[Data for analysis — start]

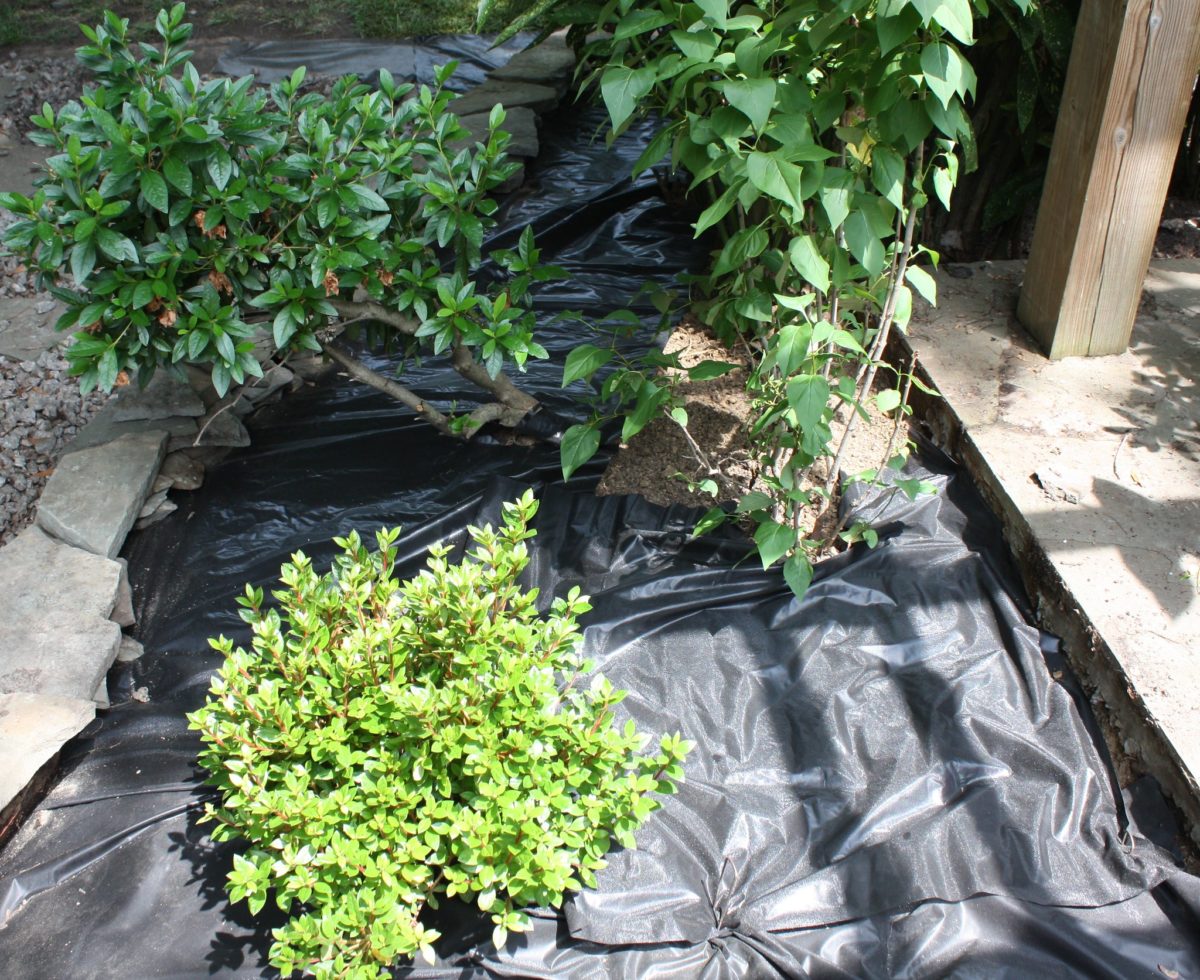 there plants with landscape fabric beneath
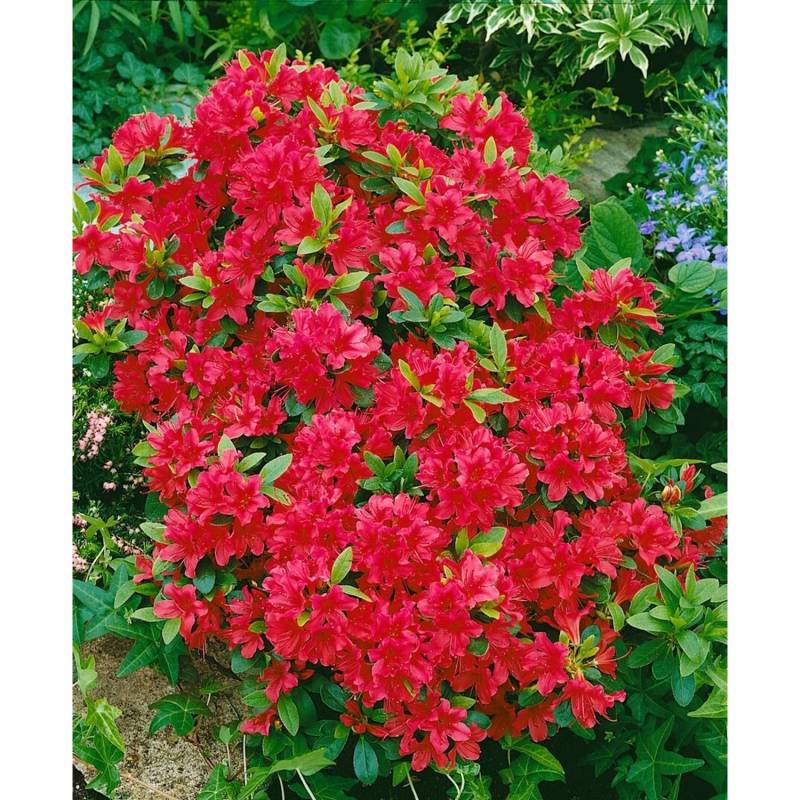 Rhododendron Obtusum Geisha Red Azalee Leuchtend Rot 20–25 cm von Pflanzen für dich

[Data for analysis — finish]
[Data for analysis — start]

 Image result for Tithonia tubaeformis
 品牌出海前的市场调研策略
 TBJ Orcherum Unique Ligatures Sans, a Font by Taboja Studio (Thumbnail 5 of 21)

[Data for analysis — finish]

• [Work to be completed]: The range runs from the line above containing "Image result for Tithonia tubaeformis" to the line containing "TBJ Orcherum Unique", inclusive. Restate those lines word for word and no others.

• [Reply]:
 Image result for Tithonia tubaeformis
 品牌出海前的市场调研策略
 TBJ Orcherum Unique Ligatures Sans, a Font by Taboja Studio (Thumbnail 5 of 21)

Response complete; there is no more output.